The exemption applies to institutions, but not individuals, who are still not allowed to jailbreak consoles.

As the ESA explained in a formal complaint in response to the EFF's request for exemption, the same kind of console jailbreaking that archivists might use for legitimate reasons is also used to pirate games. That's probably why the exemption applies to institutions, but not individuals, who are still not allowed to jailbreak consoles.

While those are two big wins for the EFF and video game historians, there's still a long way to go. For example, it's still against the law for anyone to run their own massively multiplayer online (MMO) game server after that game has been shut down, so at the moment, there's no legal way to archive an MMO.

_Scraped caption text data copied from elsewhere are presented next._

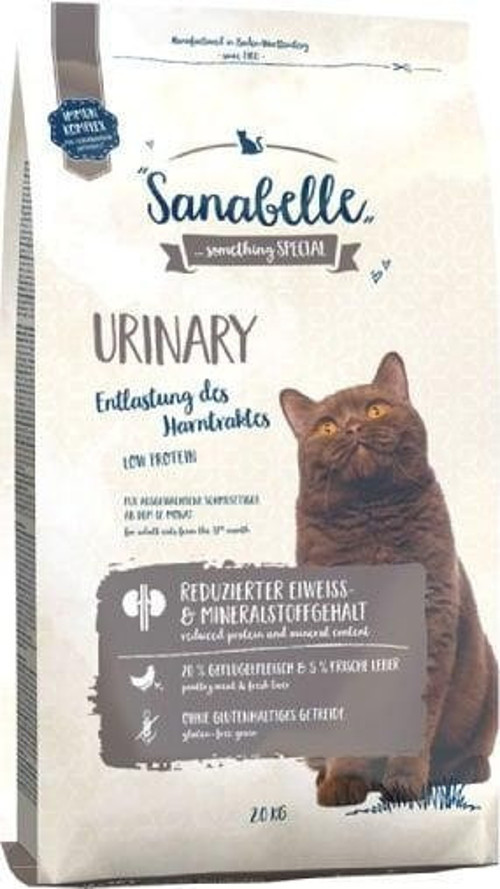 Urinary Tahılsız İdrar Yolları Sağlığı için Yetişkin Kedi Maması 2 Kg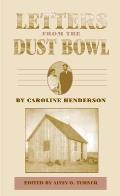Letters From the Dust Bowl Cover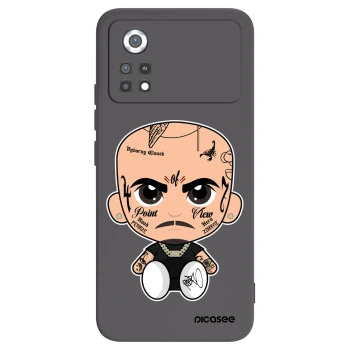 Picasee silikonový černý obal pro Xiaomi Poco X4 Pro 5G - Separ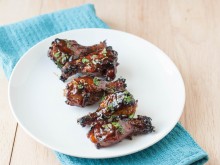 Sweet & Sticky Chicken Wings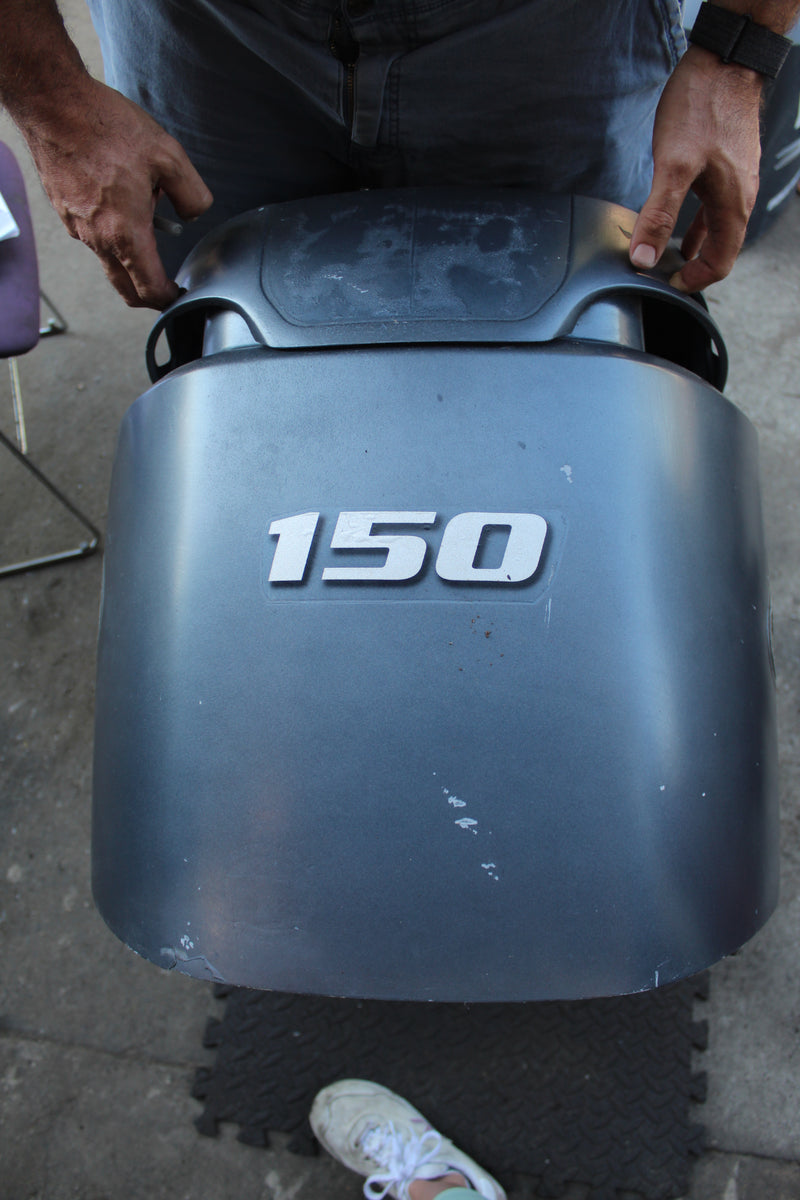 Yamaha 150HP HPDI 2 Stroke Outboard Top Cowling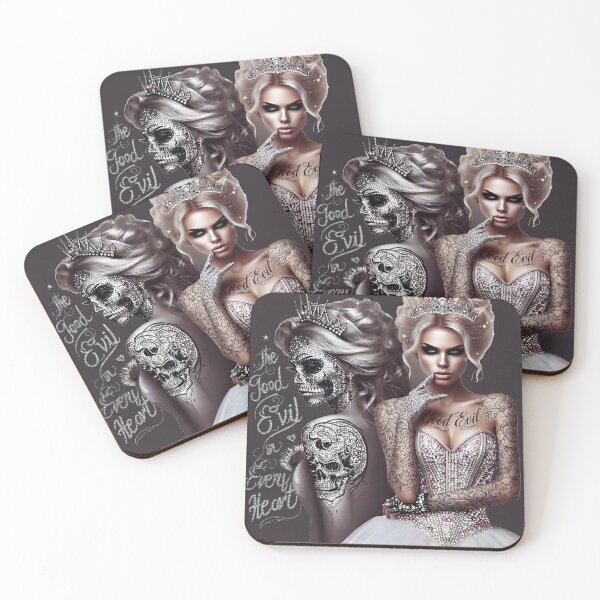 Item preview, Gothic Queen Skull Tattoo Corset designed and sold by Voodoo Store Paranormal Collections.
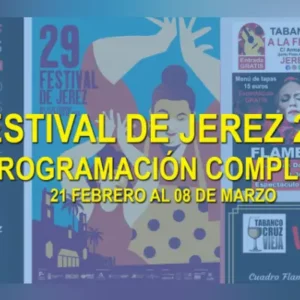 Cabecera Festival Jerez 2025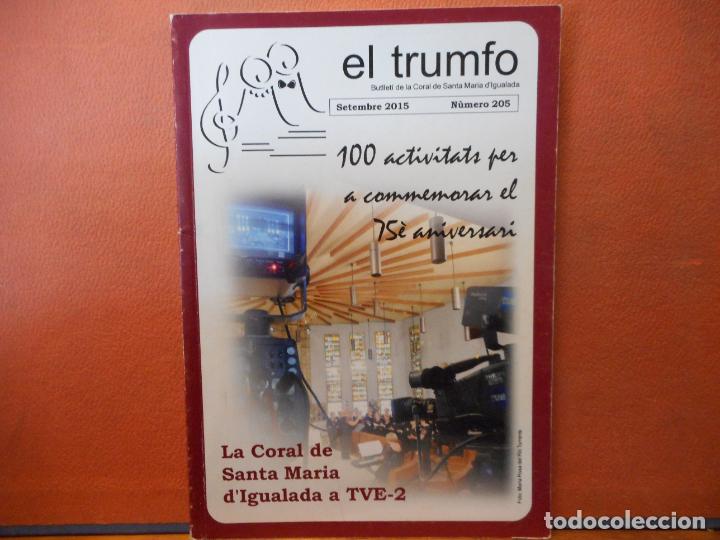 Libros de segunda mano: EL TRUMFO. SETEMBRE 2015 - Foto 1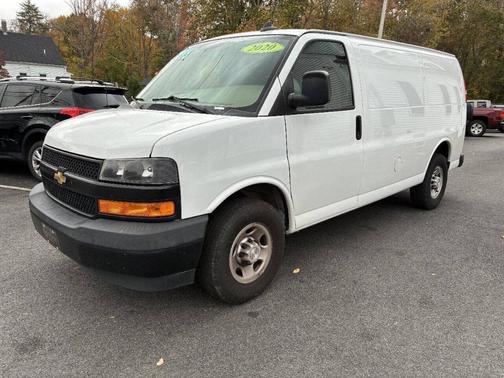 Summit White 2020 Chevrolet Express 2500 Work Van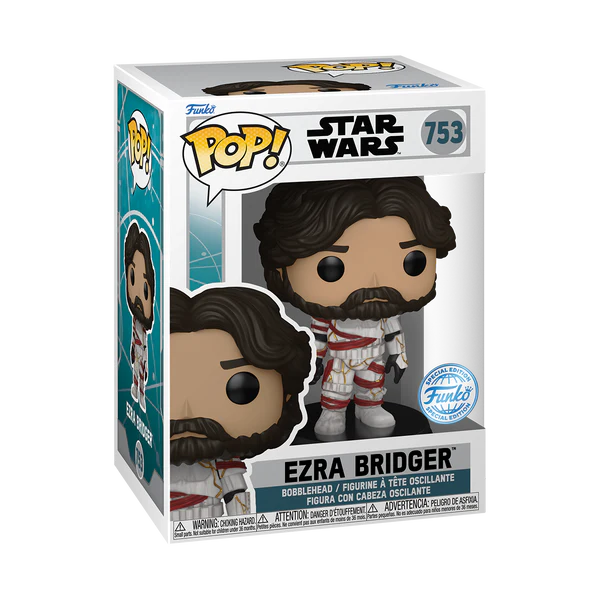 Star Wars: Ahsoka - Ezra Bridger (Disguise) Funko Pop!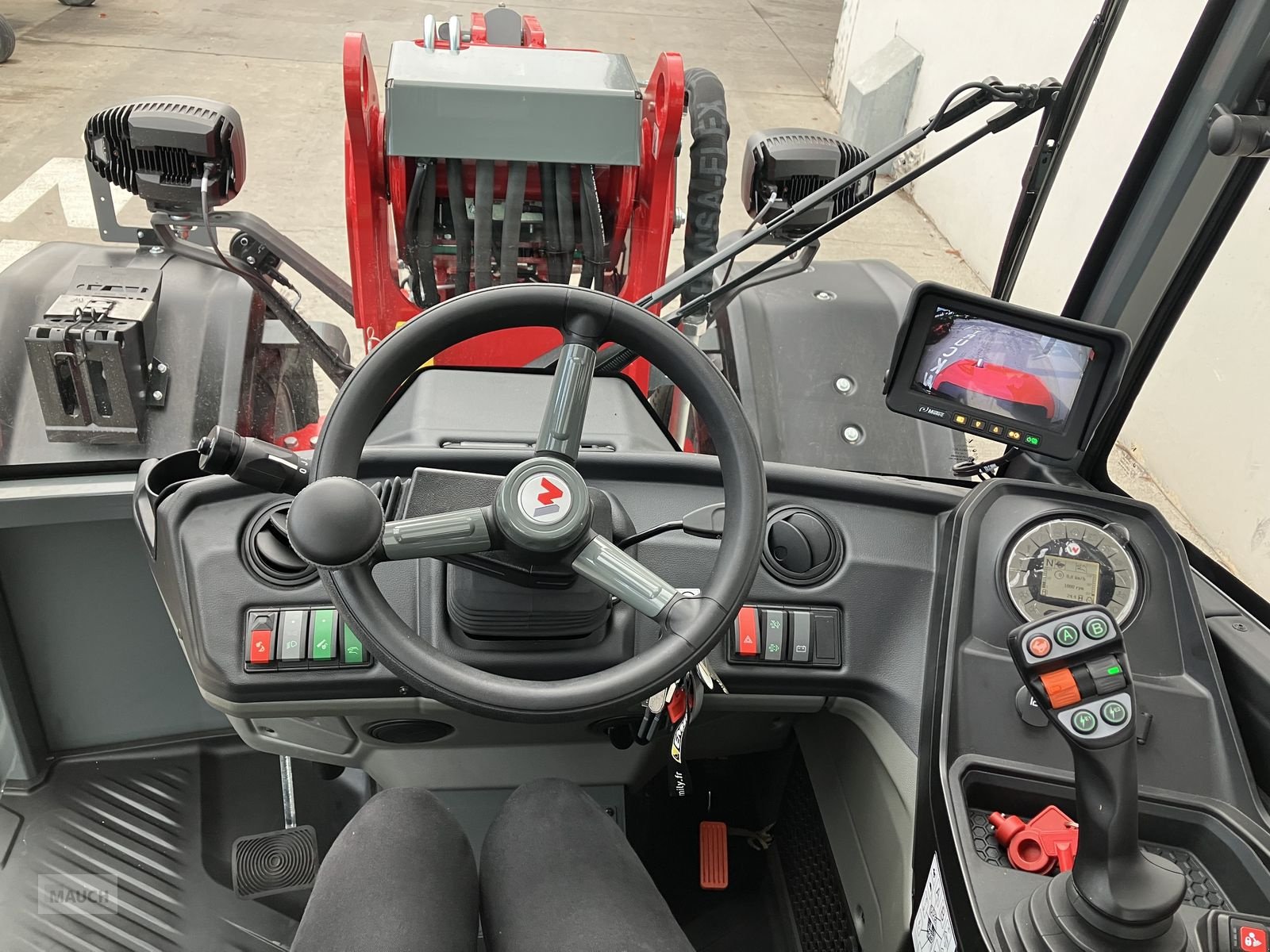 Radlader del tipo Weidemann  3060 T Teleskopradlader NEUHEIT, Neumaschine In Burgkirchen (Immagine 2)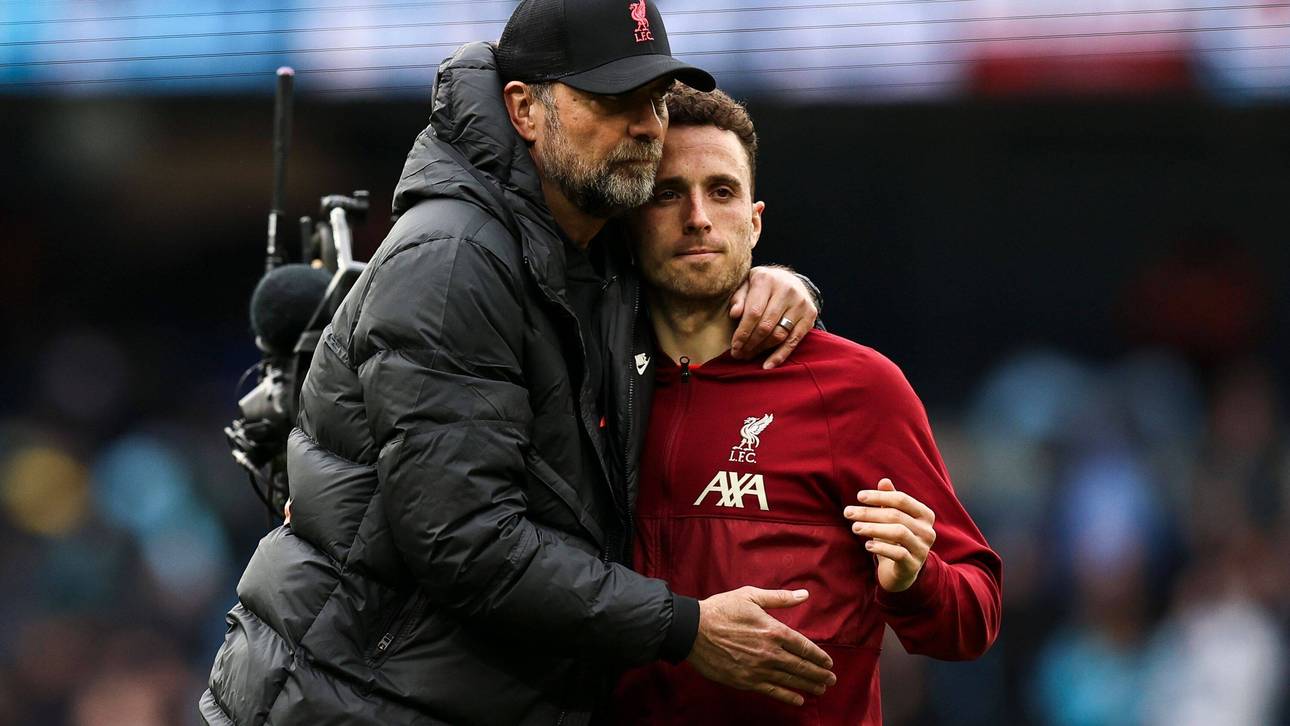 Jürgen Klopp kann den Tod Jotas immer noch nicht fassen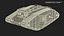 Tank MK 4 Mâle Vert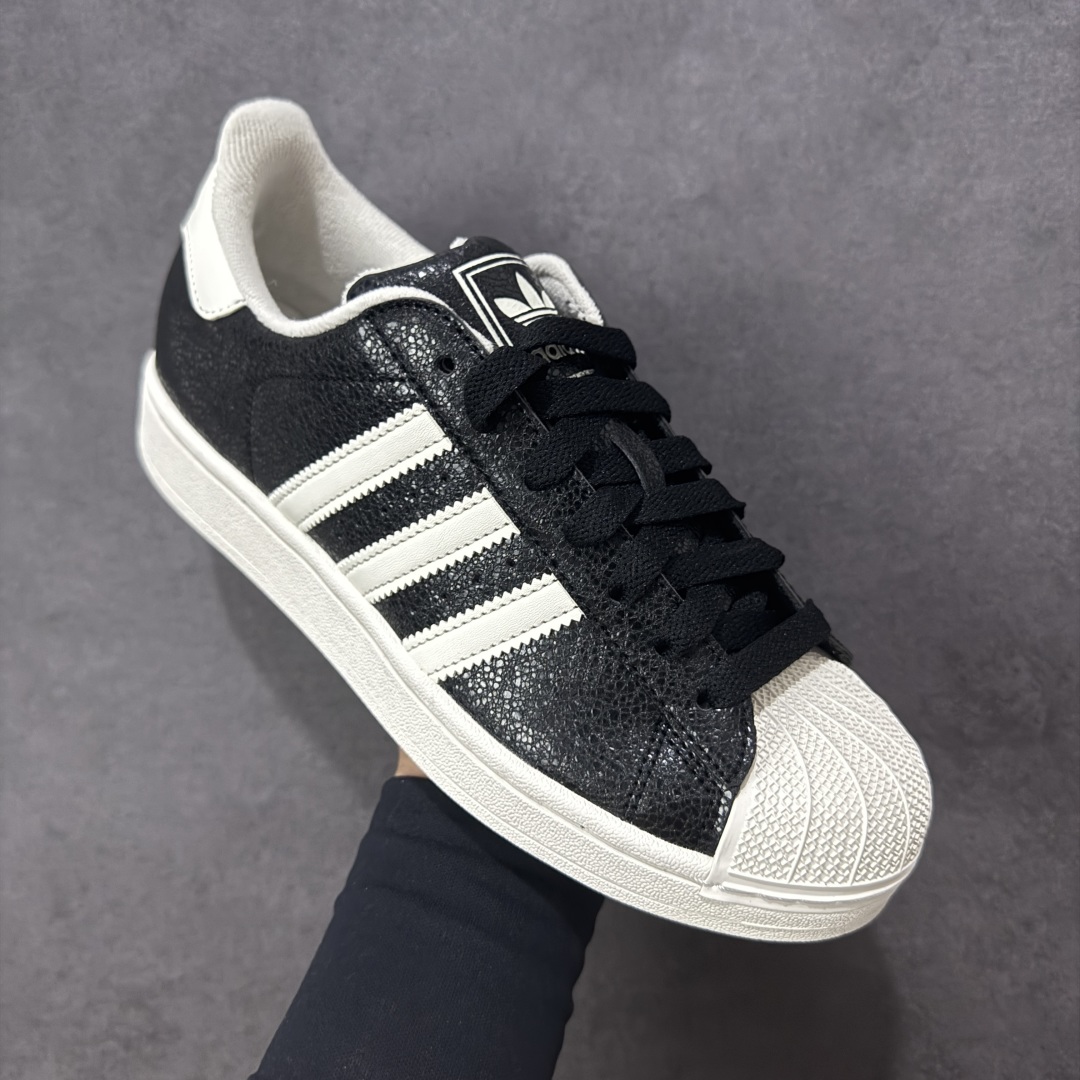 图片[3]-【纯原级】Adidas Originals Superstar II 经典贝壳头官网同步 实拍首发渠道正品订单 诠释市场最高工艺水平区别市面普通真标版本，进出专柜无压力 型号 JS4014 尺码：35-45带半码-选品中心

If World of Warcraft, for example, stops making money and Blizzard doesn't want to pay to keep it online anymore, there's no legal way for anyone to archive the game for historical purposes if Blizzard claims its copyrights. (That doesn't always happen, by the way. Many of those games Electronic Arts stopped supporting got new servers thanks to an independent multiplayer service called GameRanger, and Electronic Arts doesn't mind.)

Worse yet, users still can't run their own servers for multiplayer modes in games after the publisher has shut them down. Take Mario Kart Wii for example. It sold 36.38 million copies while advertising online multiplayer as a feature. Nintendo has since shut down the servers it relies on, and you're not allowed to run your own.

"The good part is that we'll get another shot at this in three years," Albert said. "The bad part is we have to do the entire process again, and there's no presumption that the exemptions that were granted in this round will get granted again. I also think based on our work on the exemption, the number of games that will become difficult or impossible to play because of DRM seems to only be increasing as sales go digital, so it's possible we'll be able to make even a stronger case in three years."